Graph perturbations and corresponding spectral changes in Internet topologies

Hightlights
• The physical meaning of the normalized Laplacian spectrum for the Internet.
• Graph perturbations and changes in the weighted spectral distribution.
• Graph perturbations and changes in the multiplicity of the eigenvalue 1.
• The two spectral metrics are asymptotically independent of network size.
• The two spectral metrics are a good choice for study on the Internet optimization.

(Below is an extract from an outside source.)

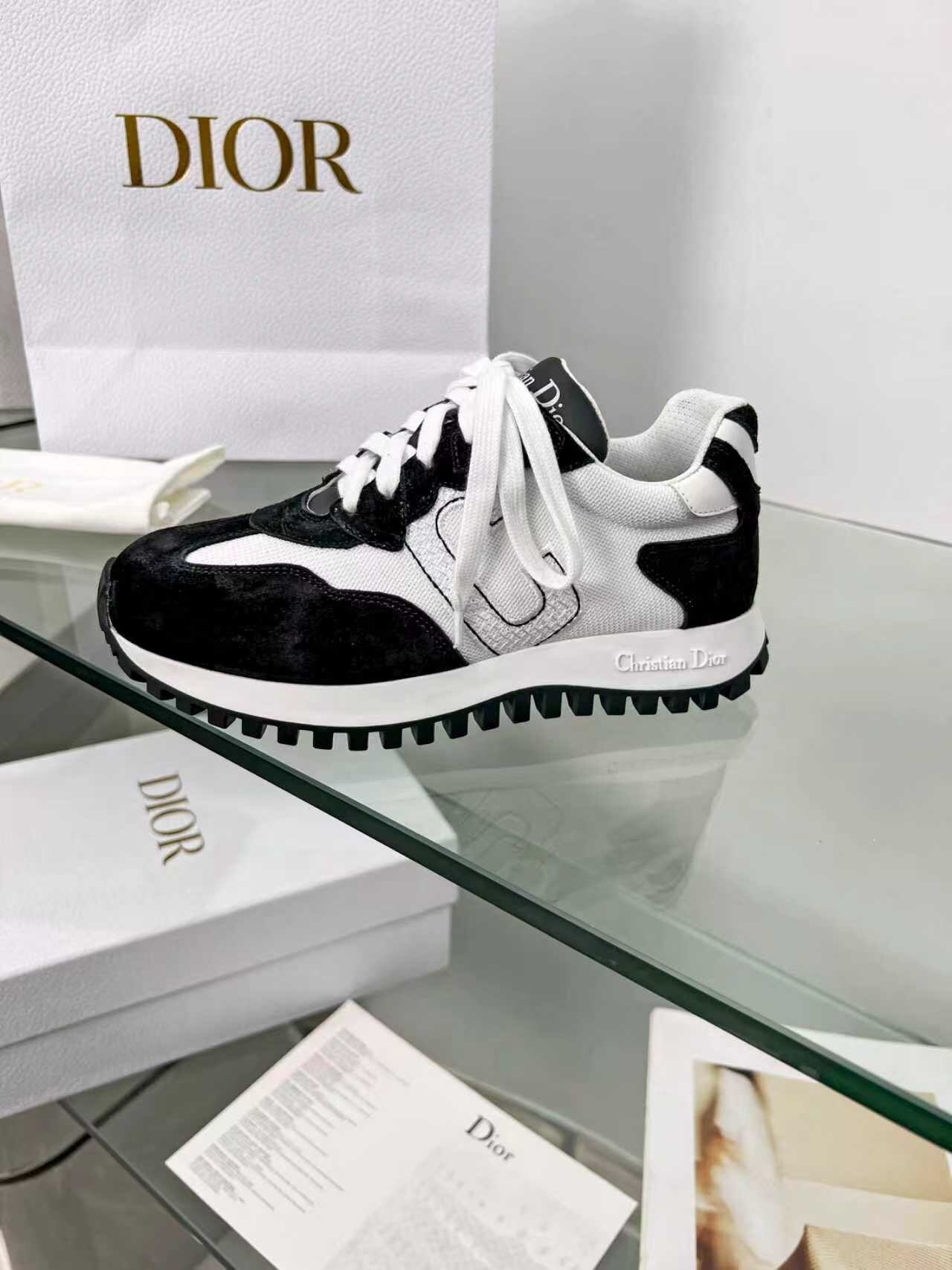 Dior C'est Dior Sport Sneakers - LY00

The normalized Laplacian spectrum (NLS) is a powerful tool for comparing graphs with different sizes. Recently, we showed that two NLS features, namely the weighted spectral distribution (WSD) and the multiplicity of the eigenvalue 1 (ME1), are particularly relevant to the Internet topology at the inter-domain level. In this paper, we examine the physical meaning of the two metrics for the Internet. We show that the WSD reflects the transformation from single-homed nodes to multi-homed nodes for better fault-tolerance and that the ME1 quantifies the initial star-based structure associated with node classification, both of which are critical to the robustness of the Internet structure. We then investigate the relation between the metrics and graph perturbations (i.e., small changes in a graph). We show that these two NLS metrics can be a good choice for study on the Internet optimization. Our work reveals novel insights into the Internet structure and provides useful knowledge for statistical analysis on complex networks.